Data extracts
◆ ◆ ◆ ◆ ◆
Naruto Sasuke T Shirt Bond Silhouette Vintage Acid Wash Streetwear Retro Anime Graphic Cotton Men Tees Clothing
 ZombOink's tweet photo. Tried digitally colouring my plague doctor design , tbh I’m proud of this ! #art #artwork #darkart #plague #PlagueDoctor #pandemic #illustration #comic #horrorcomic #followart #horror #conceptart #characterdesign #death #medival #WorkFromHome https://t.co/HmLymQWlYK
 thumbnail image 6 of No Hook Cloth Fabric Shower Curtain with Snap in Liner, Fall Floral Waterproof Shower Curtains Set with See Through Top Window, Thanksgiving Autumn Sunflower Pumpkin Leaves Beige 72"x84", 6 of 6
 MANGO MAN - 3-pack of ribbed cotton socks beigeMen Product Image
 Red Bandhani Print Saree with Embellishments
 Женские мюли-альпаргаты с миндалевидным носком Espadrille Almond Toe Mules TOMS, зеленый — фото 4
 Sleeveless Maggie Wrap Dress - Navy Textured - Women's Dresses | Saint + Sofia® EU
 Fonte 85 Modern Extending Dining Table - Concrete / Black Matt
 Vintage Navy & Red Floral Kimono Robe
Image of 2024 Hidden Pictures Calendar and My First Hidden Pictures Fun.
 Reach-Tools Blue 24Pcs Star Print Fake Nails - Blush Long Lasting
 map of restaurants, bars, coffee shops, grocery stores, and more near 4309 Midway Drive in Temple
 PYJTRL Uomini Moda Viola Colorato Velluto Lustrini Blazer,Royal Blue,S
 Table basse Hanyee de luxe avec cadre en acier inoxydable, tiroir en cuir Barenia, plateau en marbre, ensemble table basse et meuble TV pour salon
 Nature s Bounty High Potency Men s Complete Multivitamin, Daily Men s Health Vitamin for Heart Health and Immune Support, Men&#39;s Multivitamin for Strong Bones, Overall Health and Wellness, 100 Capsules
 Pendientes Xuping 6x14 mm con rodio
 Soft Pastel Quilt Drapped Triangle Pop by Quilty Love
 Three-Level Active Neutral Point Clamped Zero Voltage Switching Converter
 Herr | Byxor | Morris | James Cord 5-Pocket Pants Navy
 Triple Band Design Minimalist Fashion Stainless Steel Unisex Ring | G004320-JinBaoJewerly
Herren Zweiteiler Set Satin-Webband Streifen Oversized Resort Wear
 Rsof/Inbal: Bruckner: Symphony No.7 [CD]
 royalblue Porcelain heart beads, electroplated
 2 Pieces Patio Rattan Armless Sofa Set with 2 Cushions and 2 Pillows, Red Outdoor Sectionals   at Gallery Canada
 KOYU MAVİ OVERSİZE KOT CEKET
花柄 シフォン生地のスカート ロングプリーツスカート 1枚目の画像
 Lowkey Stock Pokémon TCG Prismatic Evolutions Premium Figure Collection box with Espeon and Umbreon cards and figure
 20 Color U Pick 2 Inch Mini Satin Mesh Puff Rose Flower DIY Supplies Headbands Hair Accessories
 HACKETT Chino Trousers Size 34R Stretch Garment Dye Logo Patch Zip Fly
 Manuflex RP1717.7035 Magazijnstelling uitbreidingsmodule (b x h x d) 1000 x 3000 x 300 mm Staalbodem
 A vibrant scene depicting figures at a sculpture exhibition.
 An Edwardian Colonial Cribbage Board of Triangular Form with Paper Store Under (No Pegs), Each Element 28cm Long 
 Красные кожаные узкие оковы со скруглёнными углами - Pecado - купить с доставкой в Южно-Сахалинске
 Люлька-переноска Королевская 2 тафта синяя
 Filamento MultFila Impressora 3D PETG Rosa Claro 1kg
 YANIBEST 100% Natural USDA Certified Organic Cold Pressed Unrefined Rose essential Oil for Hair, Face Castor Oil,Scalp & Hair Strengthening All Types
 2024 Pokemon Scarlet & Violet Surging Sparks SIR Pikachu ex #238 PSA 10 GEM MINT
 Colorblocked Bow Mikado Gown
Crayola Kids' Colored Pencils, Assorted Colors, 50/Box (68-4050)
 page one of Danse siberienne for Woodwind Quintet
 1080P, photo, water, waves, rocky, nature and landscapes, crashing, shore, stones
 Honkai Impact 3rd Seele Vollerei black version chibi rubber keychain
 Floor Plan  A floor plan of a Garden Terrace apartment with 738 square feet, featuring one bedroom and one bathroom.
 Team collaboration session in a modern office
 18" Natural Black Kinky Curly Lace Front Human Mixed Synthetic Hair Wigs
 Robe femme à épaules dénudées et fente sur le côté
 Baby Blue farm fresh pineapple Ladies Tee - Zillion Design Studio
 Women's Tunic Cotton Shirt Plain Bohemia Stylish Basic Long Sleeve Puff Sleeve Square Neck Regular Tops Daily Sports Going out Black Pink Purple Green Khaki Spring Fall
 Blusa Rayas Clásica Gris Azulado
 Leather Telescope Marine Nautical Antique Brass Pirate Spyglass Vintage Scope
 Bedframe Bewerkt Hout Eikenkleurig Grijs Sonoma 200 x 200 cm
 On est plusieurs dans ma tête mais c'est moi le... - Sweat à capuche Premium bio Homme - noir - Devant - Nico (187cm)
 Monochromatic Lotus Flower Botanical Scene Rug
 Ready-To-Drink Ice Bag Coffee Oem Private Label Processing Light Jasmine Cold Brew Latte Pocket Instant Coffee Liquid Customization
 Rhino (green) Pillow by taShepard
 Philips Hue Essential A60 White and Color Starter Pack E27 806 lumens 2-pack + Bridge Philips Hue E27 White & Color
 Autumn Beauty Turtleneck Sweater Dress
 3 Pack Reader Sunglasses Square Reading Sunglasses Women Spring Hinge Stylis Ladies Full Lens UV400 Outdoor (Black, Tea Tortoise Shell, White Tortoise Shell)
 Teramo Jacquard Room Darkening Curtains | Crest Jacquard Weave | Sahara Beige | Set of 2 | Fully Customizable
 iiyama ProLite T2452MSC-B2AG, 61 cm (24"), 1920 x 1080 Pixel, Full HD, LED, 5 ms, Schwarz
◆ ◆ ◆ ◆ ◆
Work to complete
Go through the entries above and copy each line holding the string "Autumn".

Solution to this problem
 thumbnail image 6 of No Hook Cloth Fabric Shower Curtain with Snap in Liner, Fall Floral Waterproof Shower Curtains Set with See Through Top Window, Thanksgiving Autumn Sunflower Pumpkin Leaves Beige 72"x84", 6 of 6
 Autumn Beauty Turtleneck Sweater Dress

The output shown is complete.